> DATA RECORDS:
○ ○ ○ ○ ○ ○ ○
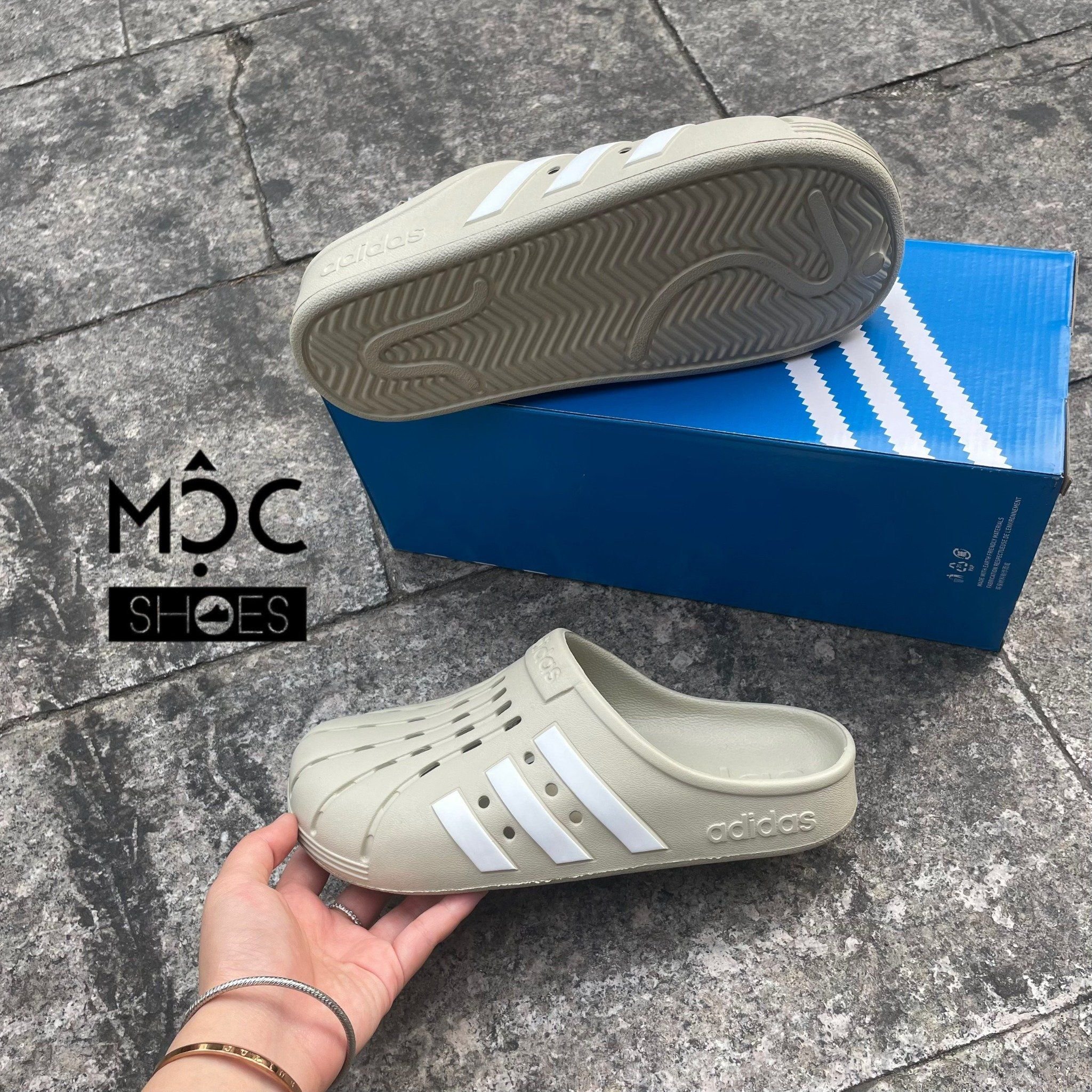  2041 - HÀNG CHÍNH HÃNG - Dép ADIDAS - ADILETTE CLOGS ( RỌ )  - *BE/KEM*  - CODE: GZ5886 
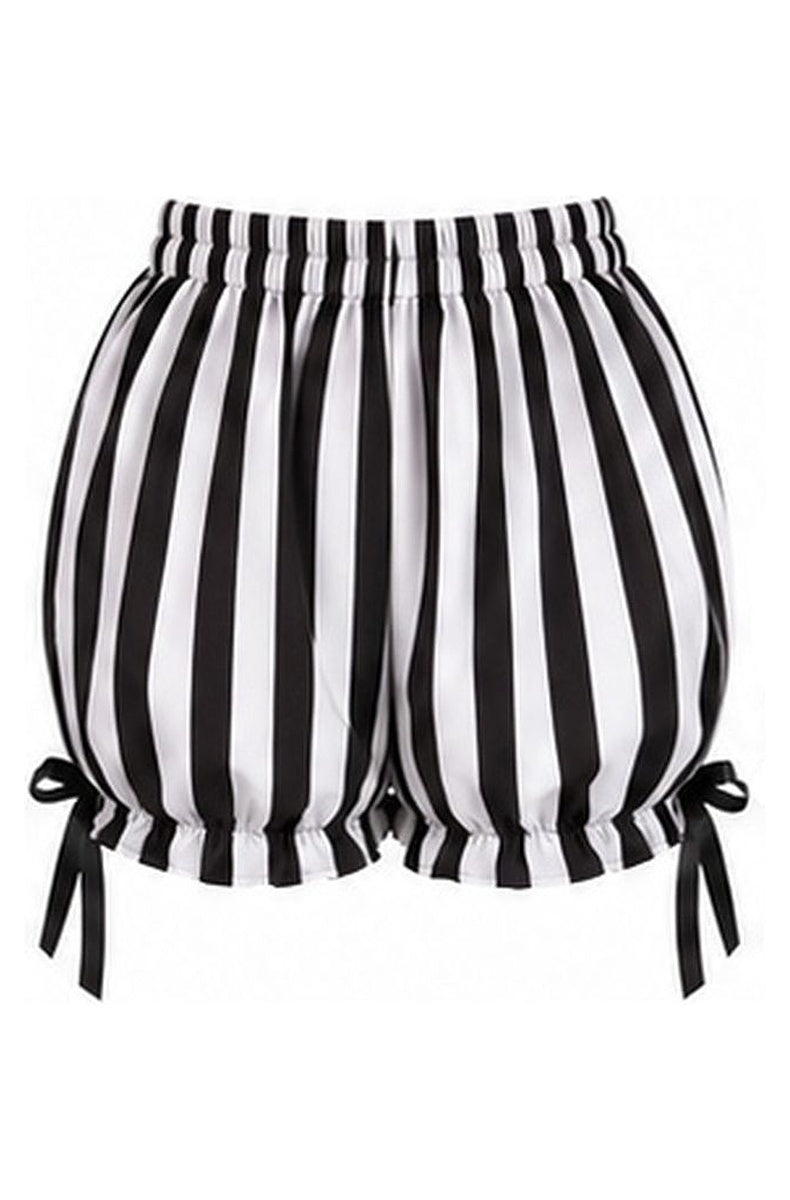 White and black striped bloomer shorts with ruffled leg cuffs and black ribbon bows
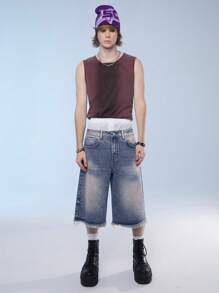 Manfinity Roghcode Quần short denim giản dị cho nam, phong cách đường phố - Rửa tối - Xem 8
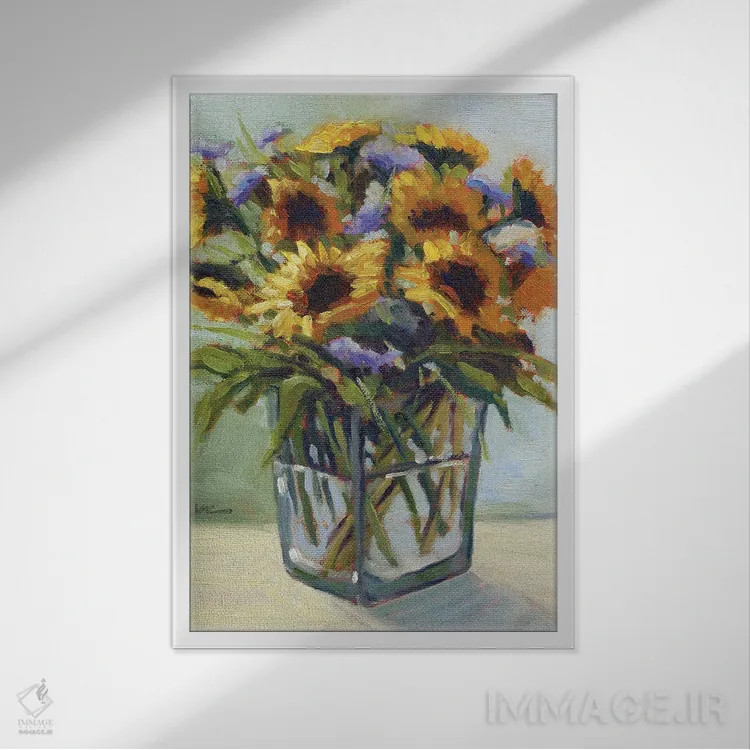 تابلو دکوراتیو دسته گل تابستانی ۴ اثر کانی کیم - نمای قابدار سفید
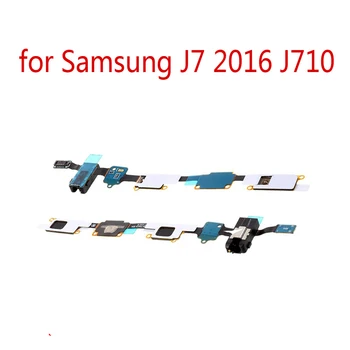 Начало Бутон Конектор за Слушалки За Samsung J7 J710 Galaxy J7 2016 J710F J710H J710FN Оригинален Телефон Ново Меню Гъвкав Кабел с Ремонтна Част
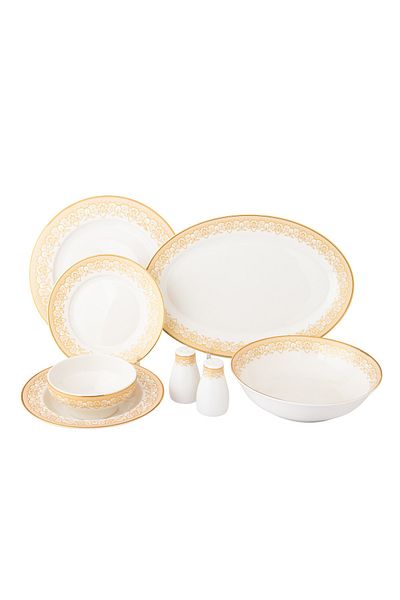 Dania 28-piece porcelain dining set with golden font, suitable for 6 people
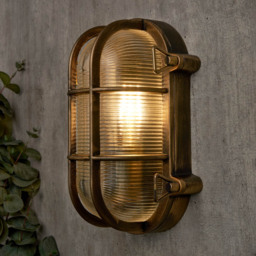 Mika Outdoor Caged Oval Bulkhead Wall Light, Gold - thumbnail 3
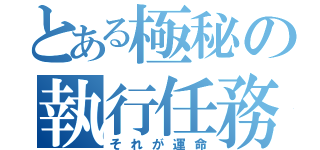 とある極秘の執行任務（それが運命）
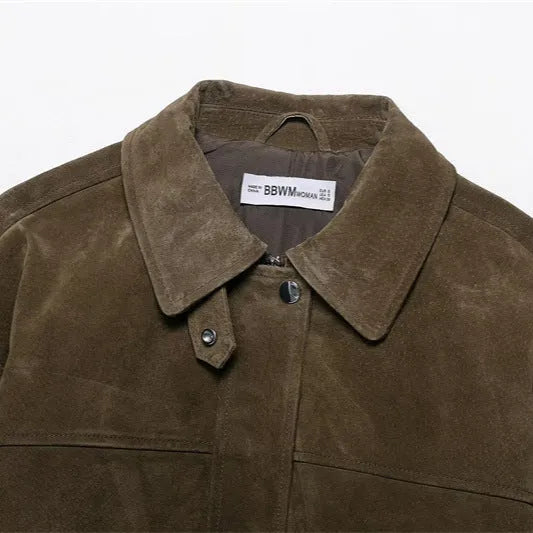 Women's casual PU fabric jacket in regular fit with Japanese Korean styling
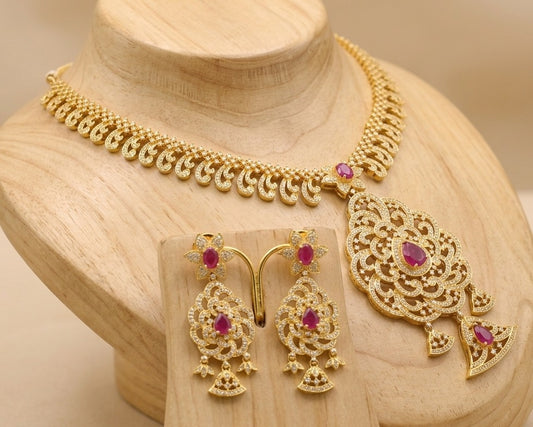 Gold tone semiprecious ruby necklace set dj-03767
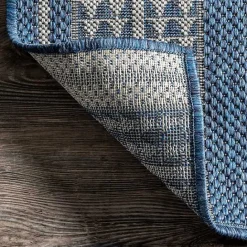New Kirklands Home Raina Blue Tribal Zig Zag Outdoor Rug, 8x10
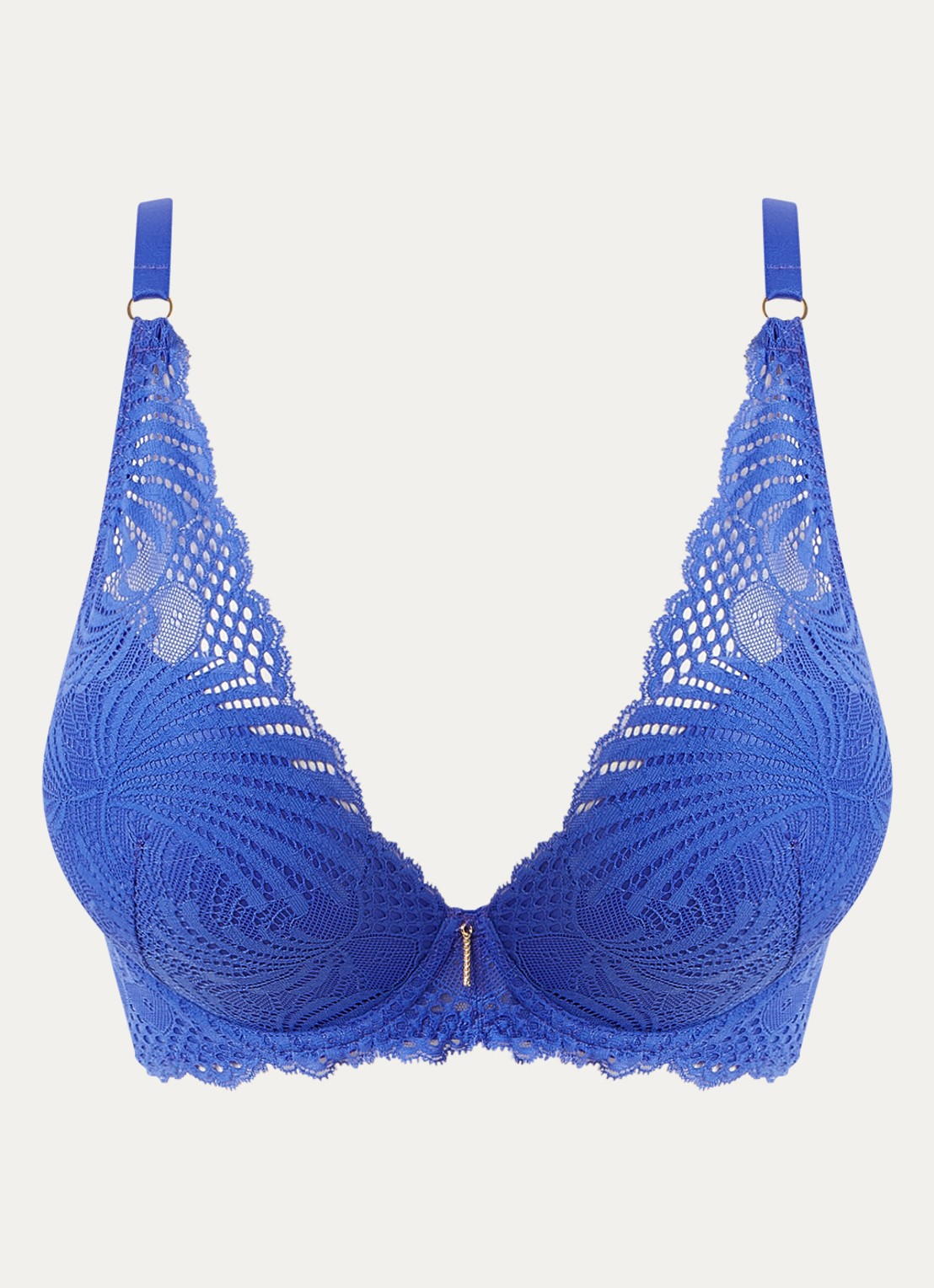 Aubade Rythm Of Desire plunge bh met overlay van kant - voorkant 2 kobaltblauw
○ ○ ○ ○ ○ ○ ○
> DIRECTIONS FOR THIS TASK: Transcribe all the material exactly; skip every image.

> ANSWER:
  2041 - HÀNG CHÍNH HÃNG - Dép ADIDAS - ADILETTE CLOGS ( RỌ )  - *BE/KEM*  - CODE: GZ5886 
 White and black striped bloomer shorts with ruffled leg cuffs and black ribbon bows
 Manfinity Roghcode Quần short denim giản dị cho nam, phong cách đường phố - Rửa tối - Xem 8
 تابلو دکوراتیو دسته گل تابستانی ۴ اثر کانی کیم - نمای قابدار سفید
 Начало Бутон Конектор за Слушалки За Samsung J7 J710 Galaxy J7 2016 J710F J710H J710FN Оригинален Телефон Ново Меню Гъвкав Кабел с Ремонтна Част
 Dania 28-piece porcelain dining set with golden font, suitable for 6 people
 Mika Outdoor Caged Oval Bulkhead Wall Light, Gold - thumbnail 3
 とある極秘の執行任務（それが運命）
 Women's casual PU fabric jacket in regular fit with Japanese Korean styling
 Gold tone semiprecious ruby necklace set dj-03767
New Kirklands Home Raina Blue Tribal Zig Zag Outdoor Rug, 8x10
 Aubade Rythm Of Desire plunge bh met overlay van kant - voorkant 2 kobaltblauw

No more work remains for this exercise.